La nobleza y la sabiduría de aquel albañil estaban por encima de dudas, lo sabía todo el mundo que el señor Manolo “Turra” era un rezongón con el corazón más grande que un pino. En cierta ocasión casi quemo la casa; nada, que me encantaba experimentar con la lumbre mientras mi madre se iba a la compra los sábados por la mañana de suerte que me daba por meter cosas en la cocina de carbón para ver cómo ardían. Aquel fatídico día me dio por meter un cirio de los que se llevan al Santísimo; al principio parecía bonito pero después, al ver que la chimenea, echaba un humo excesivo tuve que cantar. El abuelo vino y, riñendo por lo bajini, dijo que la chimenea se estaba quemando por dentro porque la cera se había pegado a las paredes. La cosa era seria pues podía degenerar en incendio pero yo ya tenía cierta tranquilidad porque el abuelo estaba allí; efectivamente tenía la solución, sin dejar de gruñir mojó una toalla y se subió al tejado. Confieso haber pensado que el abuelo había enloquecido… ¿cómo iba a apagar la chimenea con una simple toalla mojada? Entonces me dio otra lección y esta vez de física elemental pues tapó la boca de la chimenea con la toalla y así se apagó de inmediato; esta es la historia de cómo un sencillo pero gran albañil me dio una de las primeras lecciones de física aplicada.
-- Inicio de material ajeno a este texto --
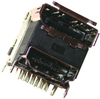 Connector, Display Port, 2 X Receptacle, 39 Position; No. Of Contacts Multicomp Pro - 72T0114 - Newark, An Avnet Company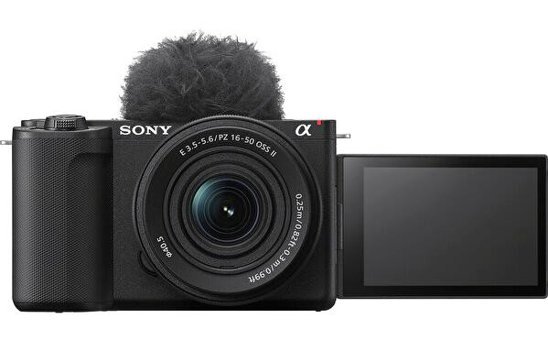 Sony Zv-E10 Iı 16-50 mm Full HD Aynasız Dijital Fotoğraf Makinesi Siyah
Conservo como oro en paño la grabación de mi entrevista con el señor Carpio Jarrín, otro genio y figura, gran amigo de mi abuelo. Cuando le pregunté por su semblanza contestó textualmente: “¡Manolo!, el señor Manolo “Turra” (elevando la voz y la mirada). Pues Manolo “Turra” era un hombre especial, pero algo especial. Nunca tuvo quebrantos con nadie. Era muy amante de toda la gente, que esto verás en muchos que no es lo que te cuentan pero no en el caso de tu abuelo. De bueno, inmejorable, yo te puedo garantizar que a tres que les preguntes, cuatro no te hablarán mal de aquel hombre”.
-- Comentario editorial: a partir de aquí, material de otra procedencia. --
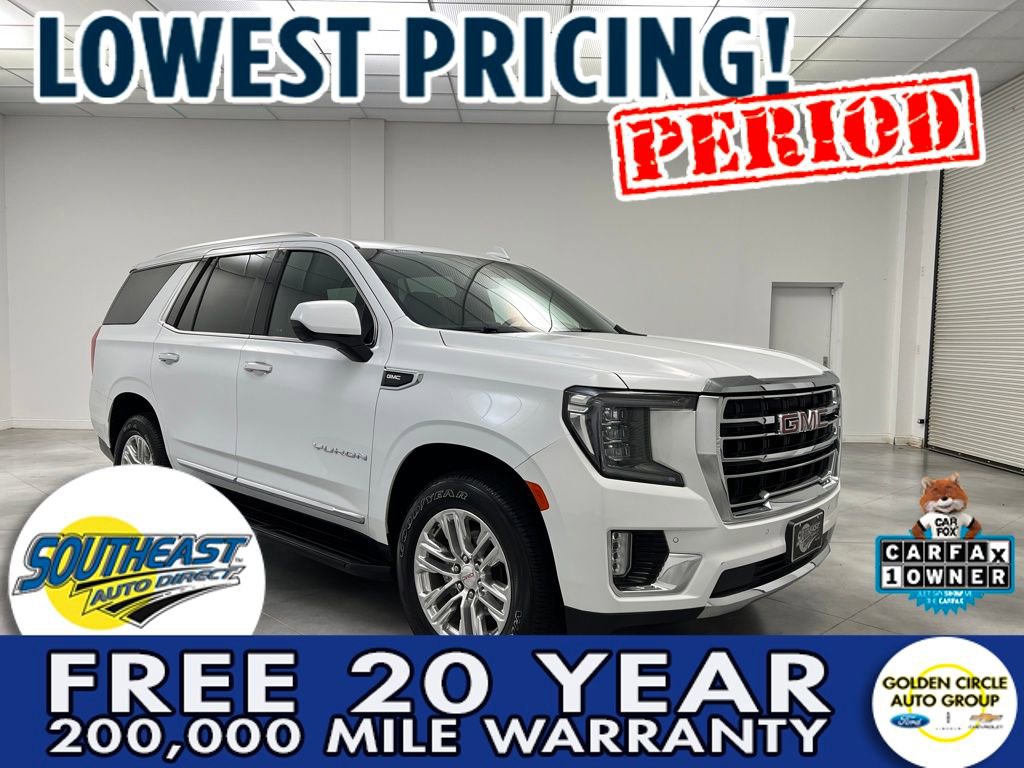 Used 2023 GMC Yukon SLT image 1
Uno de los recuerdos más íntimamente grabados sobre el abuelo es su expresión cada vez que veía un atentado de ETA en televisión, desencajaba su rostro, la sangre le hervía y, con gran disgusto, farfullaba: “A estos había que cogerlos y colgarlos del pico del Ayuntamiento para exposición del todo el pueblo”. Estoy convencido que, de estar en su mano hacer tal cosa con aquellos malnacidos, se habría limitado a darles una de sus lecciones de cuatro demoledoras palabras.
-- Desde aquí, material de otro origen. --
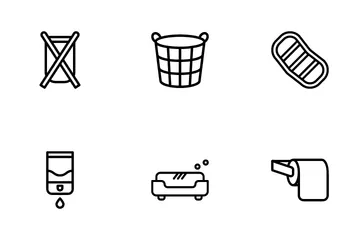 Toiletries Icon Pack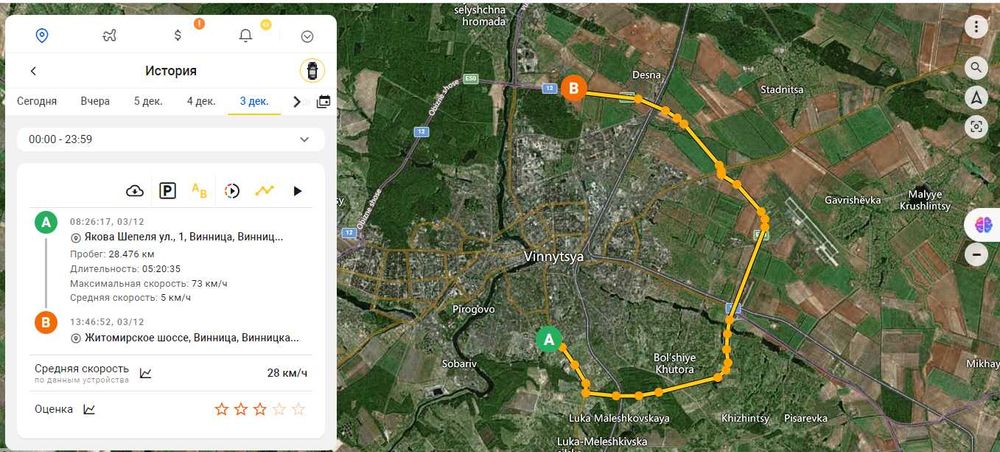 GPS трекер високої якості ® | 2025 рік | Доставка 0 грн | -40% Знижки!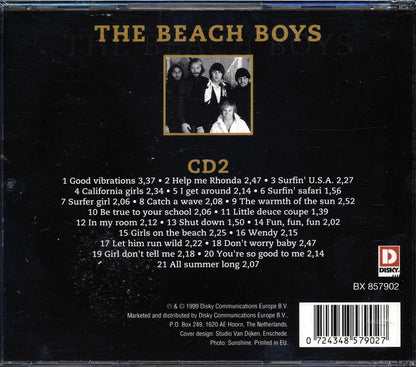 The Beach Boys - Original Gold CD2 Music CD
Y ése fue Manolo “Turra”, un hombre tan bejín como bonachón al que he querido recordar no por conceder una importancia cargada de subjetividad familiar a quien quiso ser sencillo sino porque tener presentes y vivas en el recuerdo a personas de tales valores en esta sociedad enferma puede ser su única esperanza de salvación, aunque lo dudo cuando te preguntan aberraciones como si quieres el butano de naranja o de limón; si bien es cierto que hay personas y acontecimientos realmente intolerables que actualmente nos abruman, “el butano de naranja coño”.